Buffett’s career as an investor started officially in 1955 when he went to work for Benjamin Graham at his investment partnership called Graham-Newman Corp. Unfortunately, his employment here didn’t last long. After only a year, Graham told Buffett he was closing down the partnership as he intended to retire. So, the young Warren Buffett set out on his own to create his own investment vehicle.
Over the next few articles, I’m going to be taking a look at these formative years of Warren Buffett’s life.
Warren Buffett: The early years
Warren Buffett’s fortune is close to $100bn, but he came from very humble beginnings. Buffett has always prioritised saving, so when he was let go from Graham-Newman, his funds in the bank allowed him to chose his next move carefully. With $140,000 saved, he decided to set up his own investment partnership.
In May 1956 at the age of 26, Buffett created Buffett Associates Ltd. The young investor personally put in $100,000 while seven family members and friends contributed $105,000.

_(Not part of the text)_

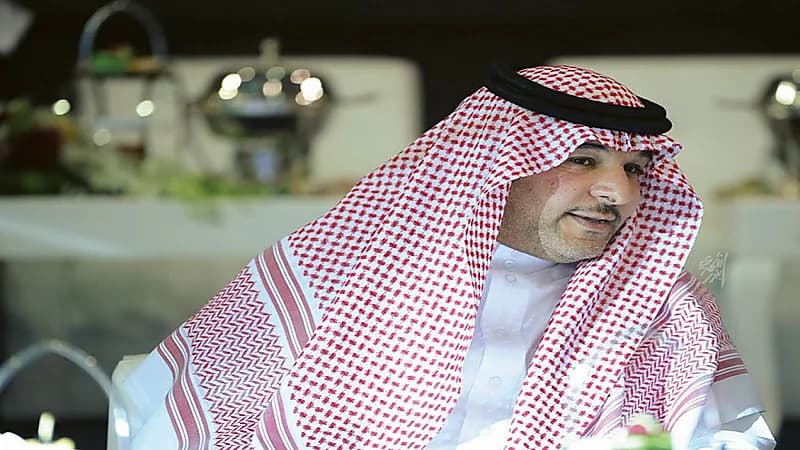 ابن حثلين يوضح أصل العقال وسبب ارتداءه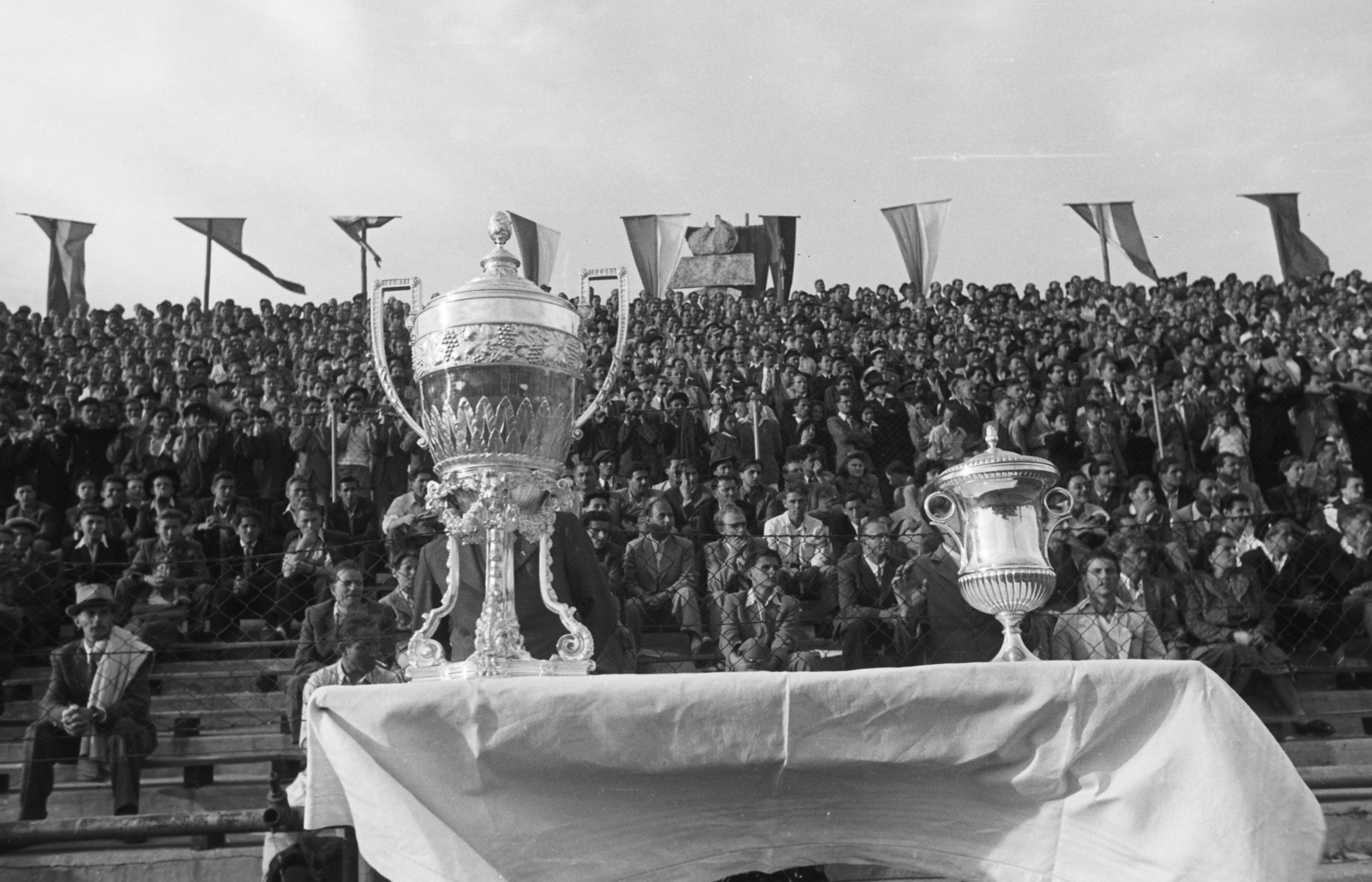 Hungary, Budapest IV., Újpest, Megyeri út, UTE stadion, Népszava serleg., 1949, Kovács Márton Ernő, cup, Budapest, football, Fortepan #33145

The young prodigy quickly earned a name for himself and more money found its way to him. By 1957, he was managing five partnerships in total. by 1958, only three years after opening his doors to outside investors, Buffett had doubled investors’ money.
His partnership letters from the time, give us a fascinating insight into how Buffett was earning these staggering returns for his investors. In his 1959 letter to partners Buffett describes what he calls “A Typical Situation”:
“This stock was the Commonwealth Trust Co. of Union City, New Jersey. At the time we started to purchase the stock, it had an intrinsic value of $125 per share computed on a conservative basis. However, for good reason, it paid no cash dividend at all despite earnings of about $10 per share, which was largely responsible for a depressed share price of about $50 per share. So here we had a very well managed bank with substantial earnings power selling at a large discount from intrinsic value.”
He goes on to describe that the partnership acquired so much stock in Commonwealth Trust that it eventually comprise nearly 20% of assets under management. After acquiring a position at a price of around $51 per share on average, towards the end of 1958, Buffett sold the stock at $80, netting himself and his partners a handsome return in a relatively short period.
Disclosure: The author owns shares in Berkshire Hathaway.